INSTRUCTIONS TO FOLLOW:
All of the data, except its images, should be set down exactly as it appears.

Records from a data collection
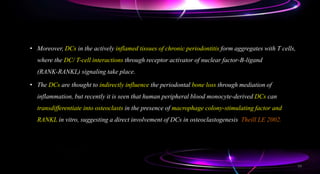 • Moreover, DCs in the actively inflamed tissues of chronic periodontitis form aggregates with T cells,
where the DC/ T-cell interactions through receptor activator of nuclear factor-B-ligand
(RANK-RANKL) signaling take place.
• The DCs are thought to indirectly influence the periodontal bone loss through mediation of
inflammation, but recently it is seen that human peripheral blood monocyte-derived DCs can
transdifferentiate into osteoclasts in the presence of macrophage colony-stimulating factor and
RANKL in vitro, suggesting a direct involvement of DCs in osteoclastogenesis Theill LE 2002.
59
 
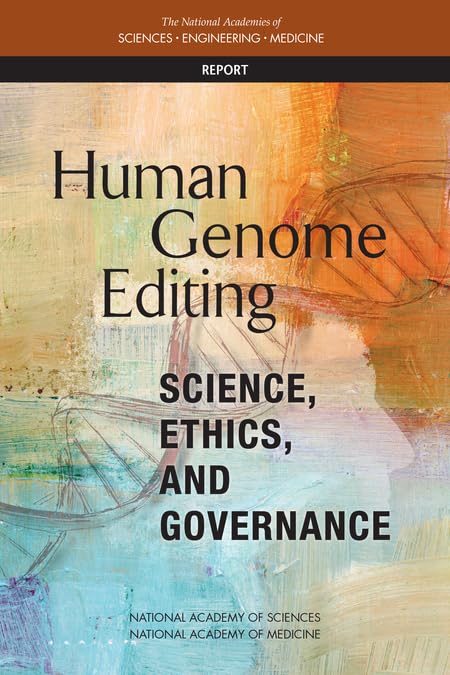 Human Genome Editing: Science, Ethics, and Governance,Used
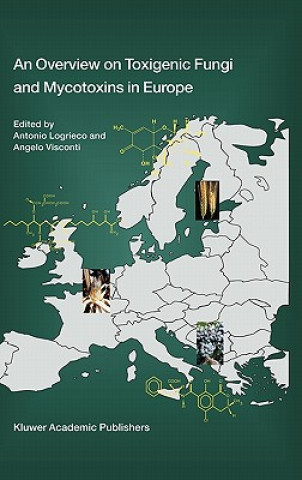 Könyv Overview on Toxigenic Fungi and Mycotoxins in Europe 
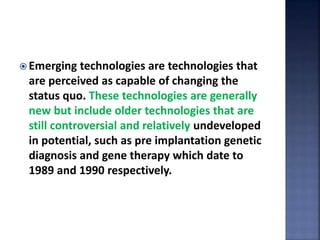 Emerging technologies are technologies that
are perceived as capable of changing the
status quo. These technologies are generally
new but include older technologies that are
still controversial and relatively undeveloped
in potential, such as pre implantation genetic
diagnosis and gene therapy which date to
1989 and 1990 respectively.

SOLUTION FOR THIS TASK:
 • Moreover, DCs in the actively inflamed tissues of chronic periodontitis form aggregates with T cells,
where the DC/ T-cell interactions through receptor activator of nuclear factor-B-ligand
(RANK-RANKL) signaling take place.
• The DCs are thought to indirectly influence the periodontal bone loss through mediation of
inflammation, but recently it is seen that human peripheral blood monocyte-derived DCs can
transdifferentiate into osteoclasts in the presence of macrophage colony-stimulating factor and
RANKL in vitro, suggesting a direct involvement of DCs in osteoclastogenesis Theill LE 2002.
59
 
 Human Genome Editing: Science, Ethics, and Governance,Used
 Könyv Overview on Toxigenic Fungi and Mycotoxins in Europe 
 Emerging technologies are technologies that
are perceived as capable of changing the
status quo. These technologies are generally
new but include older technologies that are
still controversial and relatively undeveloped
in potential, such as pre implantation genetic
diagnosis and gene therapy which date to
1989 and 1990 respectively.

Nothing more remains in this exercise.